What is occurring and is obscured by the headlines that scream of some new Jihadist attack, is the increasing realization among both advanced and developing nations that the common denominator of the Islamists is their effort to destroy the economic centers of the both the West and every other nation. There can be no progress anywhere if the movement characterized as al Qaeda and bearing dozens of other names, is not isolated and destroyed.

Thus, despite being blamed in part for the 7-11 Mumbai attacks, even Pakistan’s General Musharref condemned them as a "heinous act." Pakistan, partitioned to be a home for Muslims who did not want to live in India, has its own problems with the Jihadists, but has also been very accommodating to them in the past. The leaders of both India and Pakistan understand that Osama bin Laden wants to foment a war between these two nuclear powers on the Asian subcontinent.

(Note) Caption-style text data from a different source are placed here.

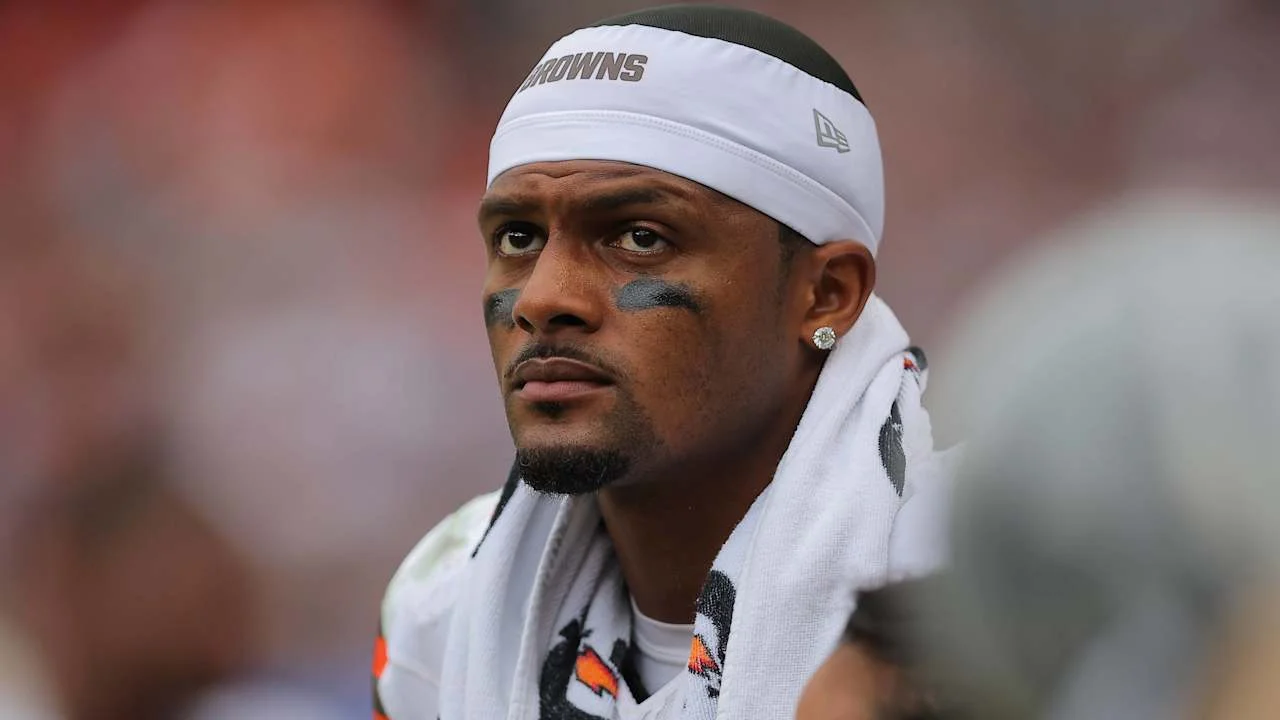 Watson shrugs off boos as Browns' QB competition heats up in preseason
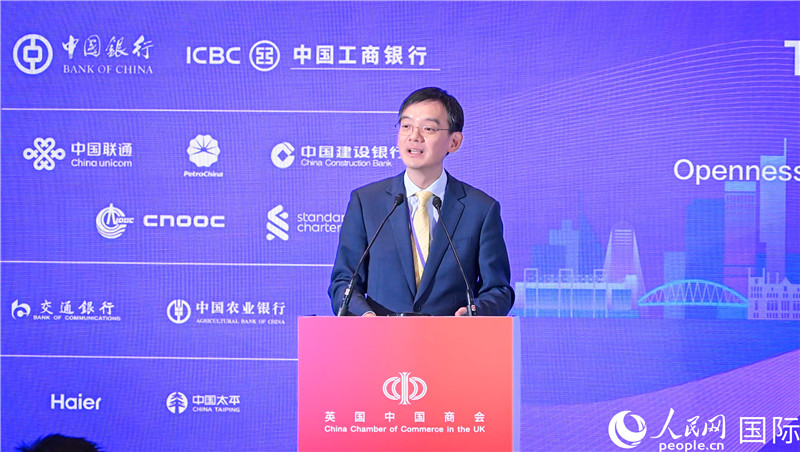 英國中國商會會長、中國銀行倫敦分行行長方文建 致歡迎辭。人民網 郭錦標攝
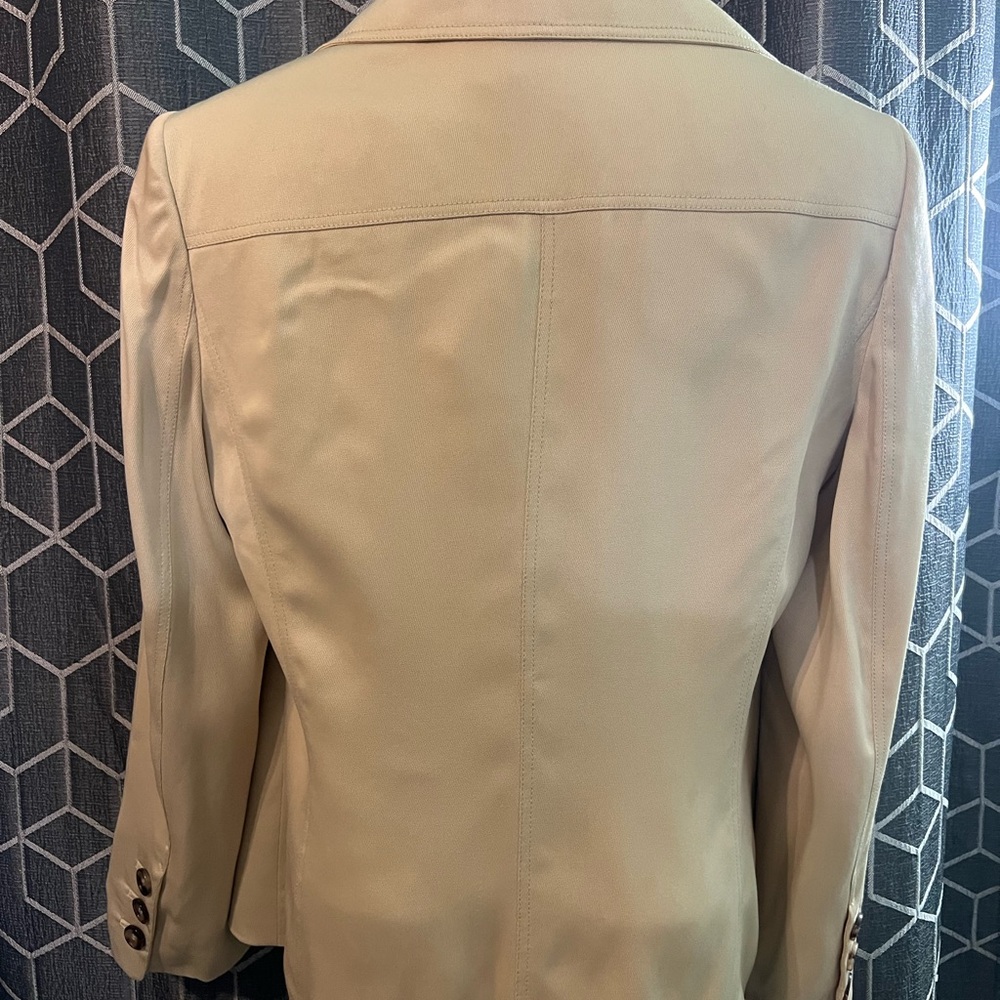 Ann Taylor - Picture 6 of 12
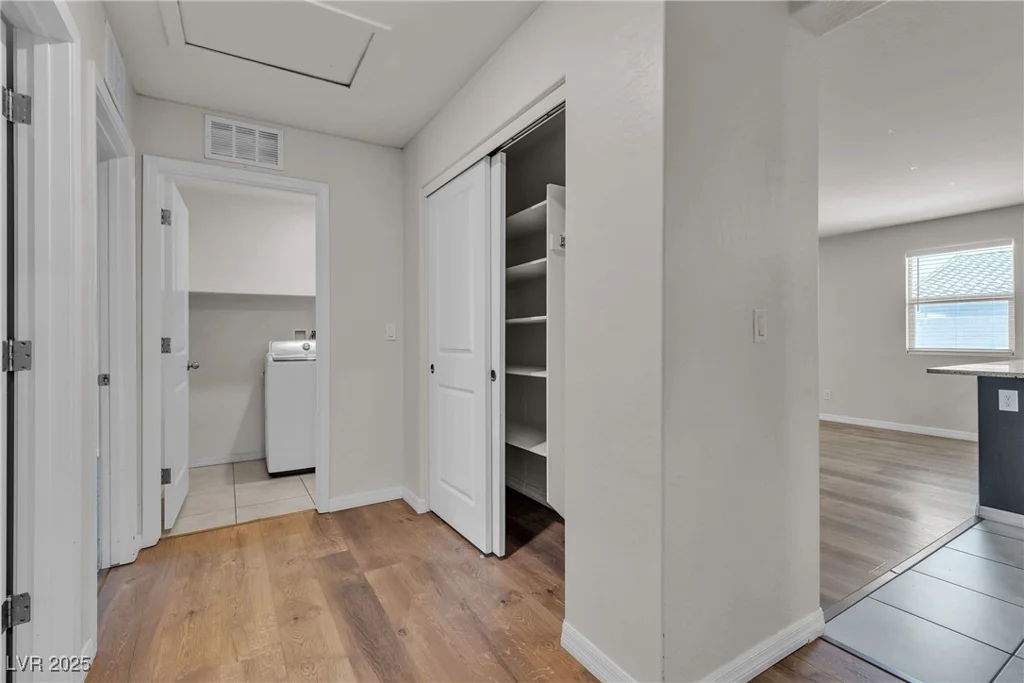 4544 Velvet Oak, Las Vegas, NV 89115
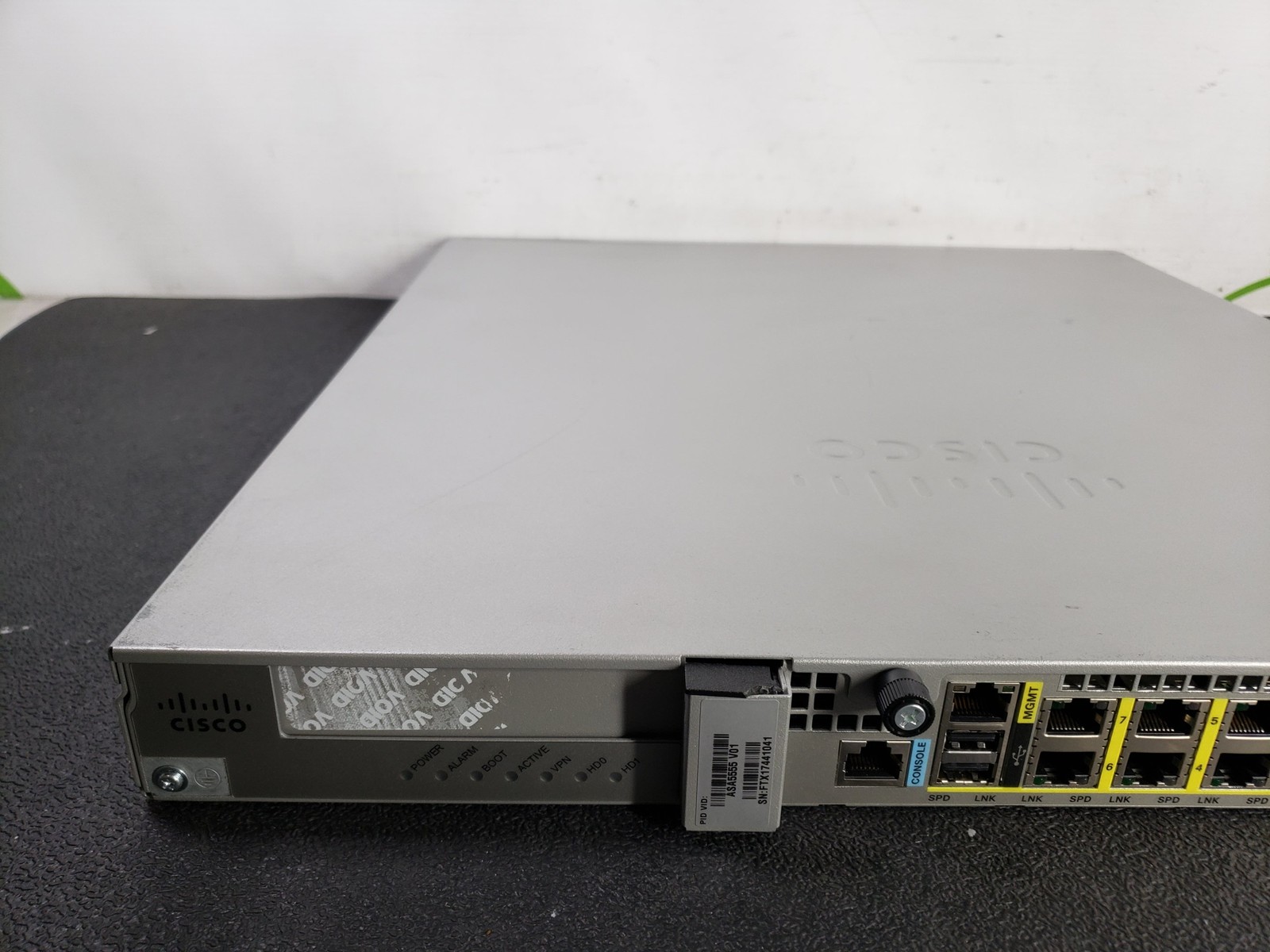 Cisco ASA5555-X Adaptive Security Appliance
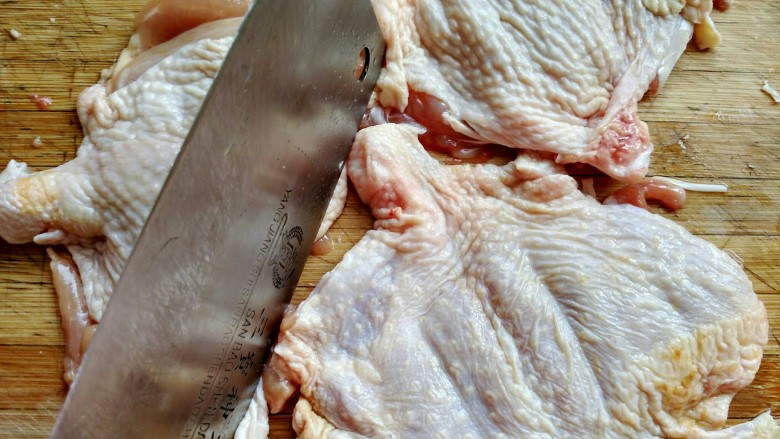 照烧鸡腿,用刀背将鸡肉敲松，并用牙签扎小孔便于入味。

Walid Phares, a senior fellow with the Foundation of Democracies, a Washington, D.C. think tank, has pointed out that America’s declared enemy, Osama bin Laden, has also identified Hindus as equally vile and called for their blood. Barely 60 miles from downtown Washington, "a number of American-born believers in jihad and followers of al Qaeda’s ideology were training in urban combat" as a cell with ties to the Lashkar-e-Tayyaba terrorists in India.

The cliché is that it’s a small world. And it’s true. The attacks in Mumbai mirror the attacks in London, Madrid, and a long list of nations worldwide.